WORK ORDER >>
Include the line containing "3 Photograph of" and every line after it up to the end of the material below; reproduce them exactly and drop the pictures.

RAW DATA >>
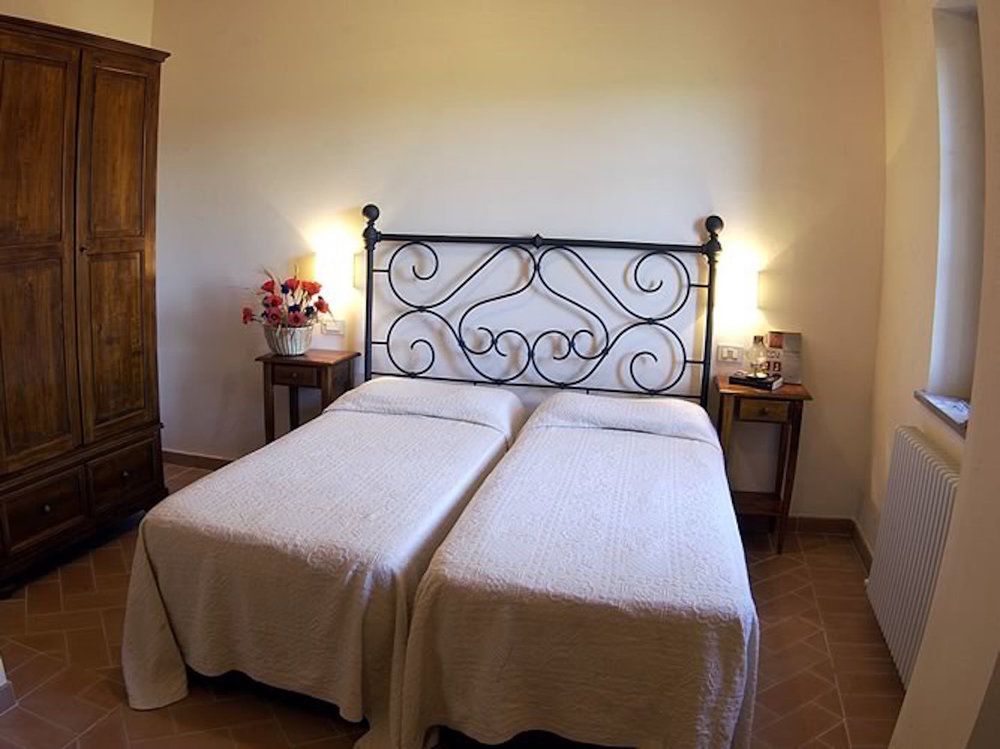 Agriturismo Castagna Alta Valfabbrica Exterior photo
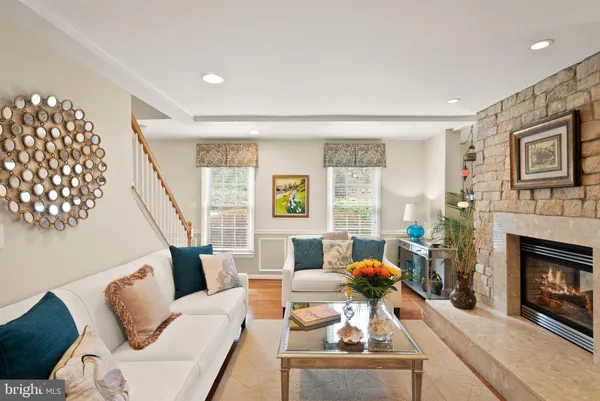 $1,750,000 | 813 Lunenburg Road, Great Falls, VA 22066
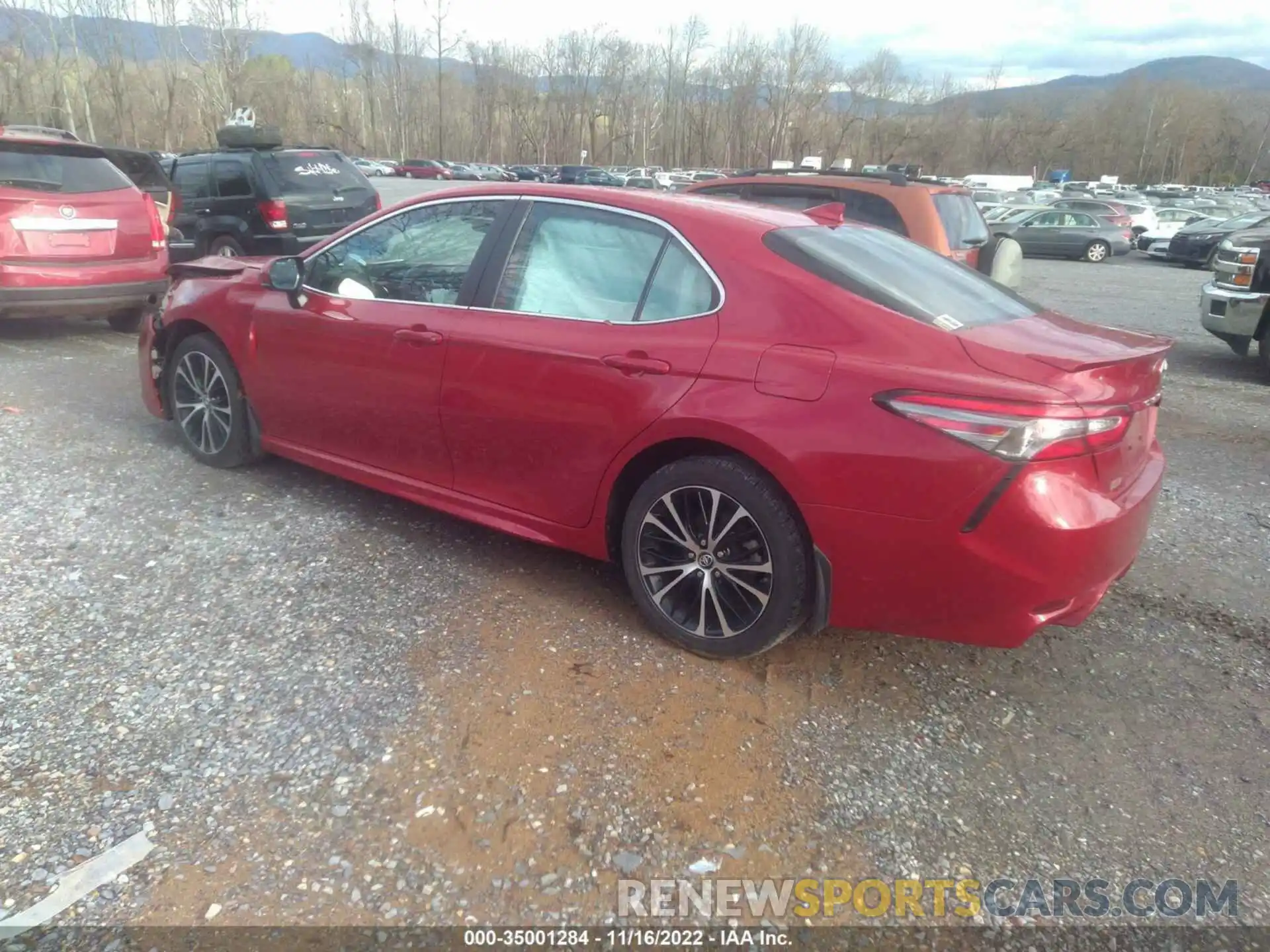 3 Photograph of a damaged car 4T1B11HK8KU292442 TOYOTA CAMRY 2019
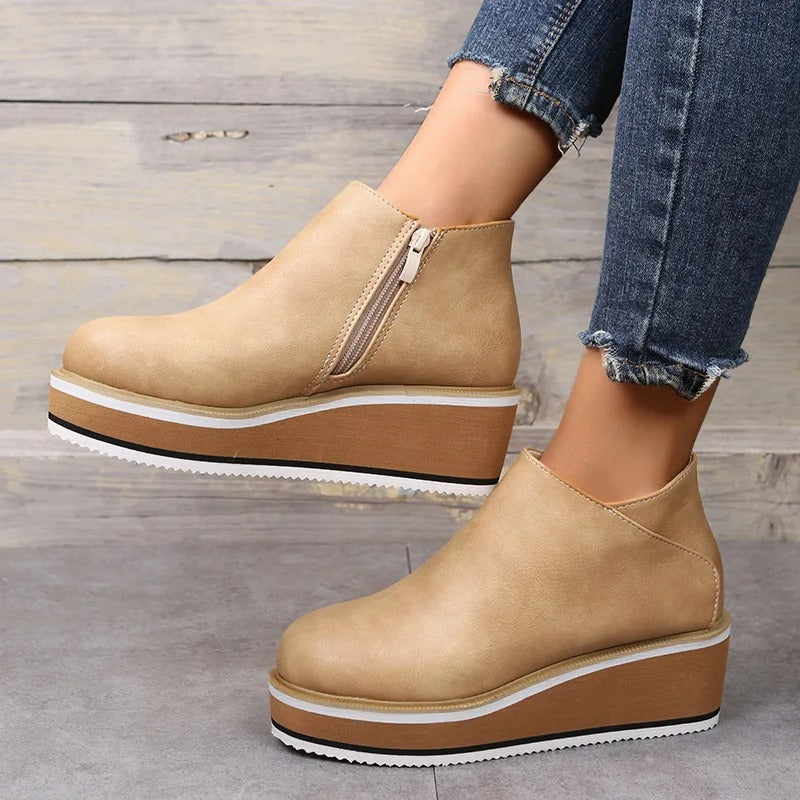 Elize - Short Wedge Round Toe Leisure Boots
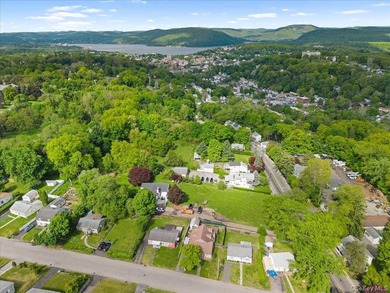 Set on a quiet cul-de-sac in one of the area's most convenient - photo 30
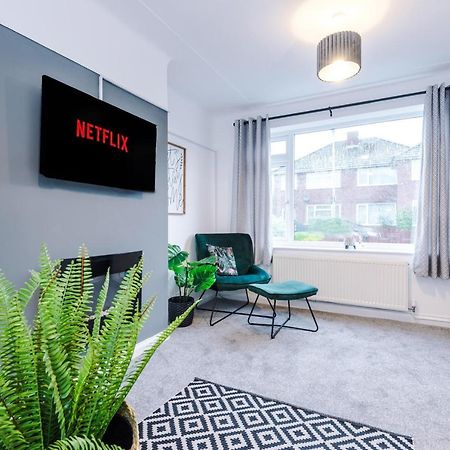 Welcoming 3 Bed Home, 10 Mins From Chester Races And Zoo Saughall Экстерьер фото
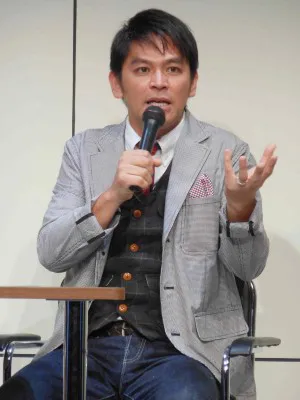 岡田はこの日、英会話でのトークにもチャレンジした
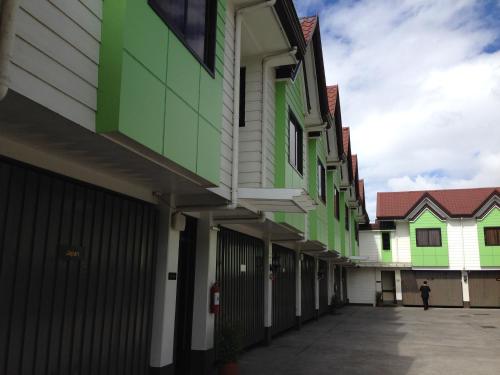 hollywood drive in hotel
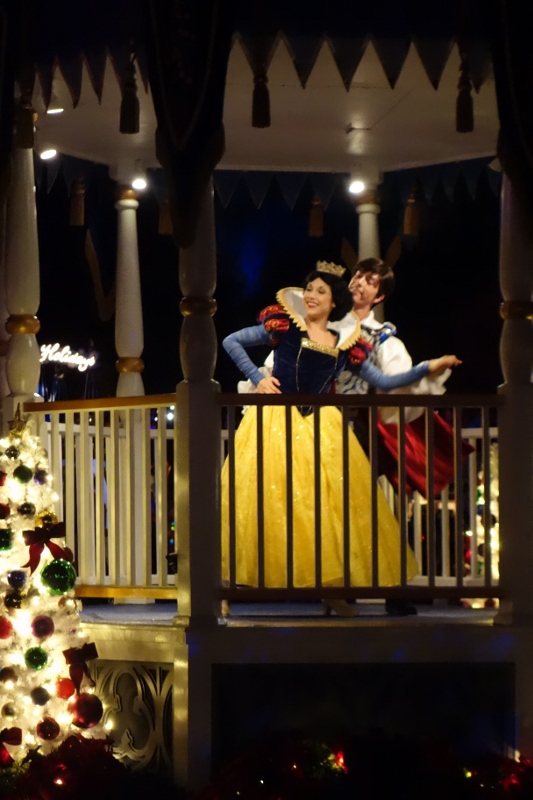 Snow White Mickey's Very Merry Christmas Party 2015 from yourfirstvisit.net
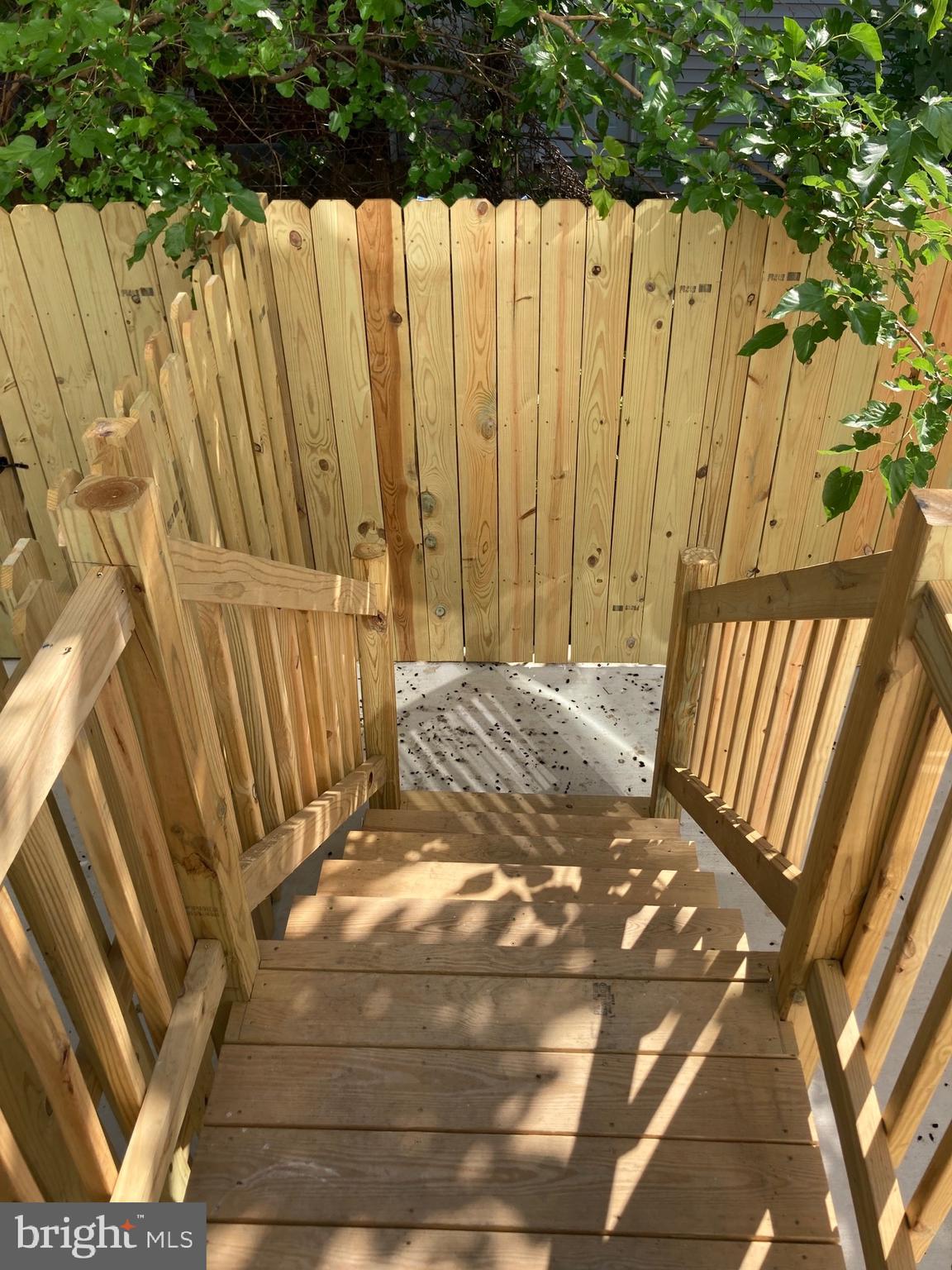 PORT RICHMOND - Residential Lease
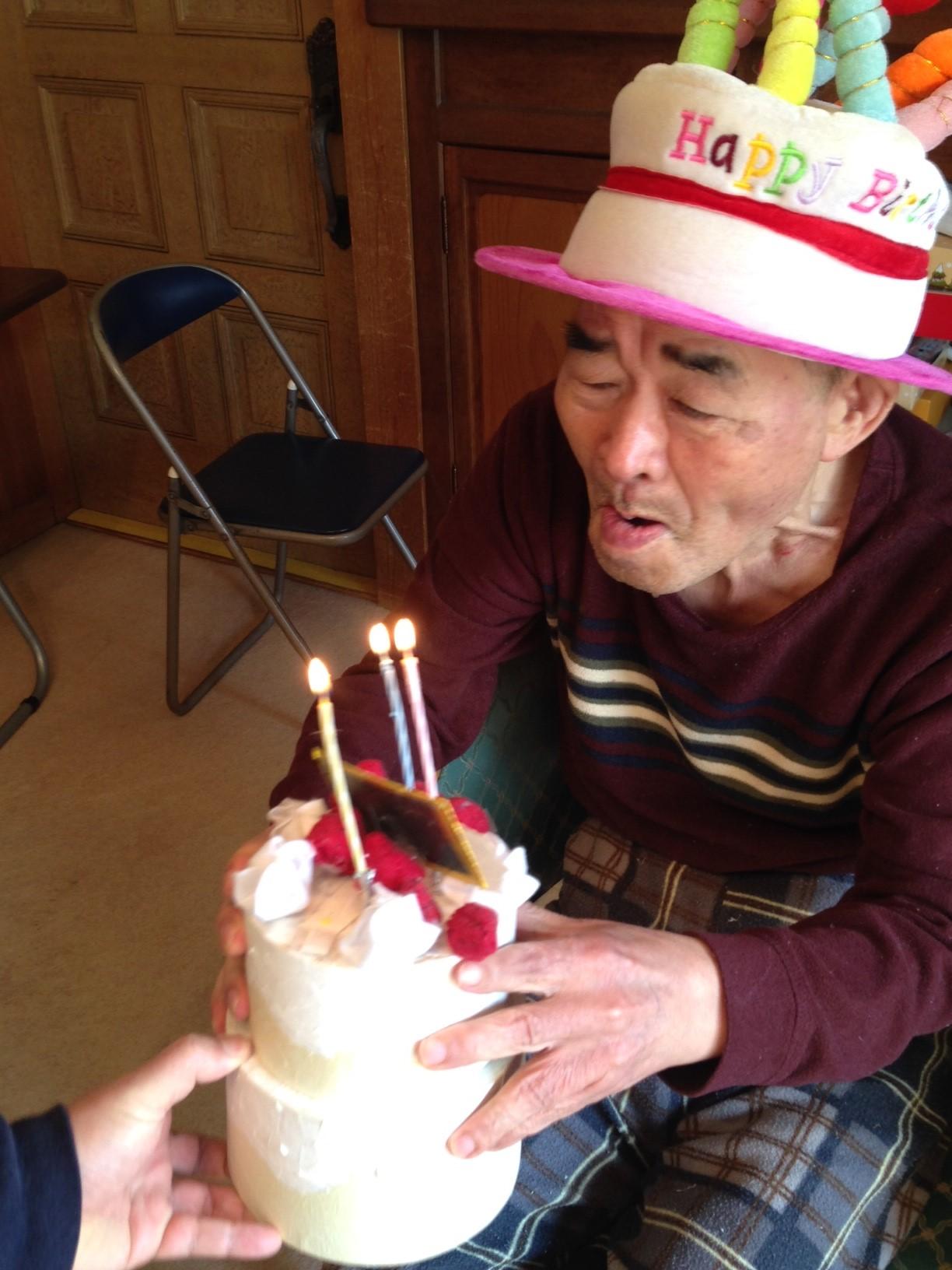 誕生日会の一場面です。ろうそくの灯を消そうと、フーッ(^^♪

SOLUTION BELOW >>
 3 Photograph of a damaged car 4T1B11HK8KU292442 TOYOTA CAMRY 2019
 Elize - Short Wedge Round Toe Leisure Boots
 Set on a quiet cul-de-sac in one of the area's most convenient - photo 30
 Welcoming 3 Bed Home, 10 Mins From Chester Races And Zoo Saughall Экстерьер фото
 岡田はこの日、英会話でのトークにもチャレンジした
 hollywood drive in hotel
 Snow White Mickey's Very Merry Christmas Party 2015 from yourfirstvisit.net
 PORT RICHMOND - Residential Lease
 誕生日会の一場面です。ろうそくの灯を消そうと、フーッ(^^♪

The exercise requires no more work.